Scientists in Morocco recently conducted a year-long study on the impacts of soiling on PV modules in arid, dusty conditions. They found that soiling could contribute to daily performance losses of as much as 15%.
The arid, dusty regions of the world present a great opportunity for solar energy – often pairing consistently high irradiation with large areas of land that have few other practical uses. But such regions also present a challenge in the form of harsh weather conditions and dust particles that can badly affect the performance of a PV system.
Soiling has been well studied as an issue affecting PV performance, and project operators today have a wealth of tools available to clean modules in the field and to calculate the best time to do this, based on the balance between lost energy yield and the cost of a cleaning cycle. While these mostly focus on the direct losses caused by dust blocking light from the module, however, soiling is also known to play a role in some mechanisms that cause more permanent performance loss to PV systems in the field.
A group of scientists led by Mohamed First University in Morocco conducted a one-year study of soiling on modules in the field. The group installed crystalline silicon and cadmium telluride PV modules at a site in Ben Guerir, Morocco. The installation consisted of two modules for each technology, one of which was cleaned daily, and one which was left to accumulate dust and dirt.
As expected, the study showed that soiling effects are most damaging during the driest periods of the year. The group also found that the cadmium telluride modules were less affected by soiling related losses – they peaked at a 13% daily performance loss, while silicon modules reached 15%.

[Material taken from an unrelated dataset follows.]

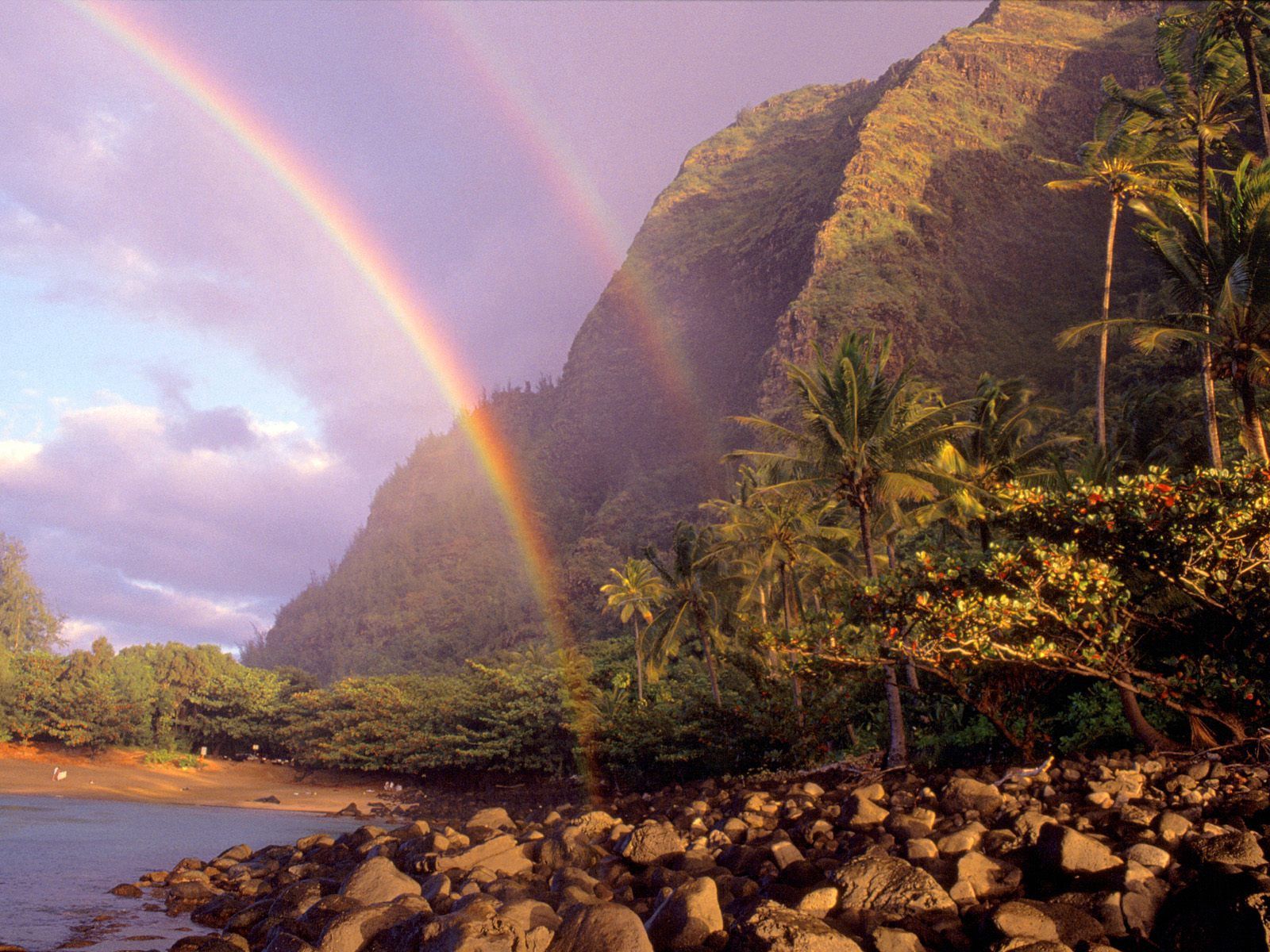 Скачать картинку Гавайи, Тучи, Природа, Небо, Камни, Берег, Пальмы, Радуга в телефон бесплатно.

The scientists described the results of the study in “Experimental study on the impact of soiling on the modules temperature and performance of two different PV technologies under hot arid climate,” which was recently published in Heliyon. They also found that the modules affected by soiling ran at higher temperatures. The group suggested a module to calculate soiling effects on module temperature and efficiency at a given location, and said that conducting further studies in different climates would help to further increase the accuracy of the module.